The title on Facundo Javier Defraia's business card reads "chef/owner," but it could just as easily say "Dough Whisperer."
The talent behind Boludo is making pizzas that are unlike any other in the Twin Cities, and his empanadas — he learned to make the savory turnovers from his grandmother in her Buenos Aires kitchen — have no local peer.
I can't rave enough about these pizzas. The dough, fashioned from unbleached flour and a bit of cornmeal and stretched into a rough ovoid shape, is an ingenious combination of crackers-meets-pizza crust-meets bread. It forms a foundation that holds up to a pile-on of ingredients but still manages to maintain a tender chewiness that tiptoes toward crispness.
Baked to a dark golden brown, the hearty outer edges magically puff up and often form hollow, delicate blisters. Defraia takes two crucial post-oven steps, brushing those edges with olive oil and then liberally sprinkling them with twinkling flakes of Maldon sea salt, the kind that pops in your mouth. This is a dough that's destined for greatness.
There are only six pizzas on the menu — a modesty dictated by the restaurant's sliver of square footage — and each one is as tempting as the last. All benefit from an acute attention to detail. In terms of toppings, they're carefully constructed, and refreshingly uncomplicated.
The tomato sauce is hand-crushed San Marzano tomatoes, nothing more. The superb prosciutto hails from Italy, the salty Reggianito — that's a South American homage to Parmigiano-Reggiano — is imported from Argentina and the mozzarella is squeaky-fresh. Defraia makes a fabulous chorizo, one that plays beautifully against mushrooms and caramelized onions, and the oven's intense heat transforms his cheese mix (fontina, smoked provolone and mozzarella) into a soft, buttery decadence.

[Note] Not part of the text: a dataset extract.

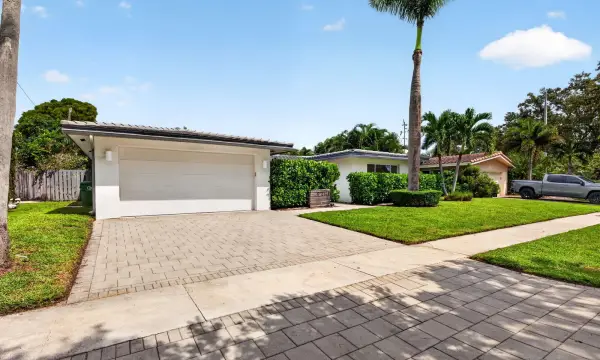 2141 NE 62nd Court, Fort Lauderdale, FL 33308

Two versions really stand out, and that's saying something. One combines thinly sliced pears with punchy Gorgonzola, a sweet-salty marriage that's enhanced with pine nuts and tons of fresh dill; it's gorgeous, and it could almost pass for dessert.
Then there's the variation on pan-style, which is nothing like the doughy specimens that came of age in the 1970s.
Using the same dough he calls upon for his other pizzas, Defraia doesn't go overboard, pressing it into maybe a quarter-inch thickness across a generously buttered round baking pan. The butter insinuates itself into that olive oil-infused dough, forging a gentle but distinctive flakiness and an enriched flavor.